“Blackbirds” by Chuck Wendig (Angry Robot Books, 2012)
When I look back on this year and search for some kind of theme to fit what I’ve been reading, the conclusion I come to is that I’ve read some really out-of-the-box stuff. I mean, as a teenager I refused to move beyond my blinkered romance novel universe. When I went to university, I read stuff they made me read, but they couldn’t make me like it. Then, later, when I finally worked out what I wanted to be when I grew up, and went back to university to become a teacher, I begrudgingly accepted that I had to be more open to literary alternatives.

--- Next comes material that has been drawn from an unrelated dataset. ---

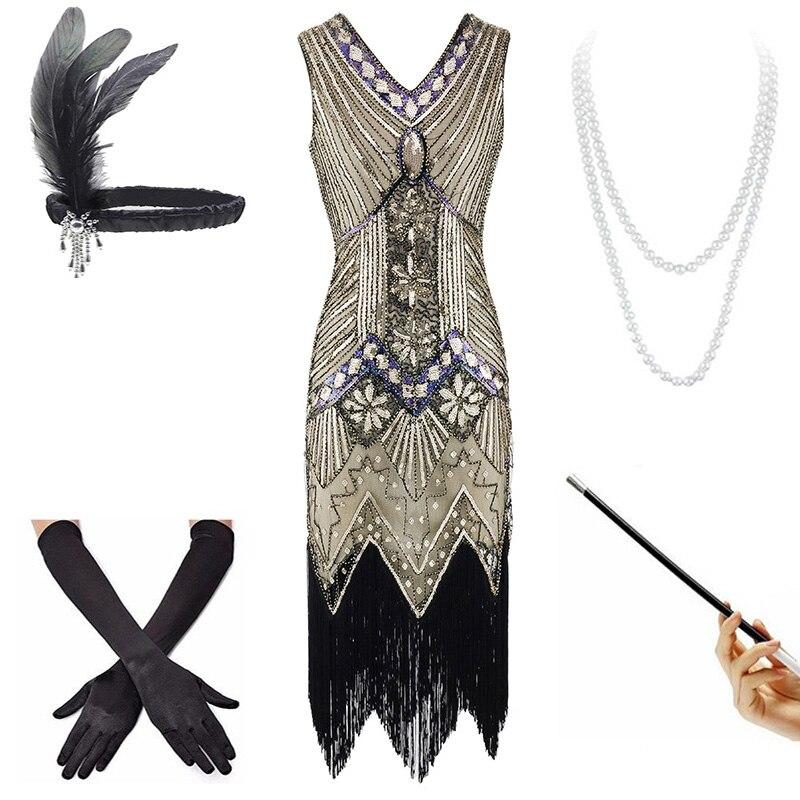 Robe Vintage Année 20 Beige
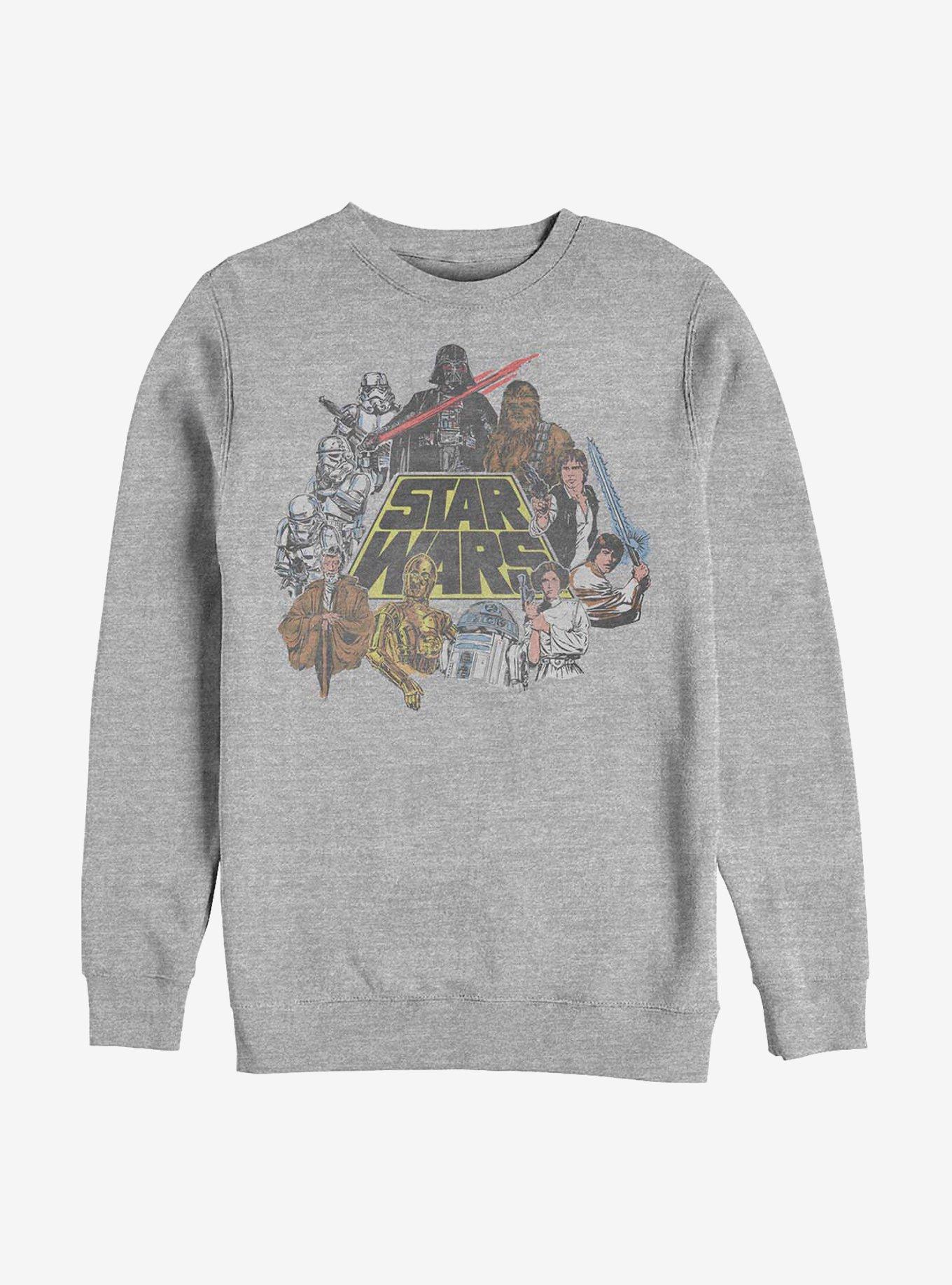 Star Wars In Color Crew Sweatshirt, ATH HTR, hi-res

But, seriously, this year is a bit of a mind blow in terms of reading out of my comfort zone, or my interest zone, or my even-knew-there-was-a-thing-like-that zone. And this book, “Blackbirds”, is as out there and not in my comfort zone as they come.
My friend Shaun sent me this text on 4 October:
You need to read Blackbirds by Chuck Wendig… I’m halfway through, it’s a f**king blast!
You need to know that this doesn’t happen very often, but when it does, he’s always on the money. One ignores a book recommendation from Shaun at one’s own peril. So I downloaded it to my Kindle and soon enough I got around to reading it. I can honestly say, it is nothing like anything else I have ever read.
“Blackbirds” is a book about Miriam Black. She is a stock-standard, trailer-trash kind of heroine, except that she can see how you will die. All she needs to do is touch you and she knows the finer details of your death. When, where, how. She meets a trucker named Louis and, in shaking his hand, sees that he will die in 30 days and that the last thing he will say before he dies is her name as he looks at her across the room. She has long since accepted that she can’t change the outcome of what she sees, but she tumbles along on the journey to her inevitable involvement in Louis’ death.
This is an aggressive, violent, vulgar, brash, nasty book that grabs you by the throat and won’t let go. It is a fast-paced and angry examination of fate and the question of whether or not you can do a single thing to change the path that you are on. Miriam is a foul-mouthed, heartless, cold-hearted protagonist who somehow manages to keep you caring. Nevertheless, you are constantly aware that nothing she does will make any difference in the end.
Combining horror, the supernatural and some kind of gritty swearing-and-blood-fest style that might be a genre I have only just stumbled upon, “Blackbirds” is definitely on my recommendations list for anyone who is not put off by the start of this sentence.
Meanwhile, I’m off to find a nice flowery YA novel to calm my nerves.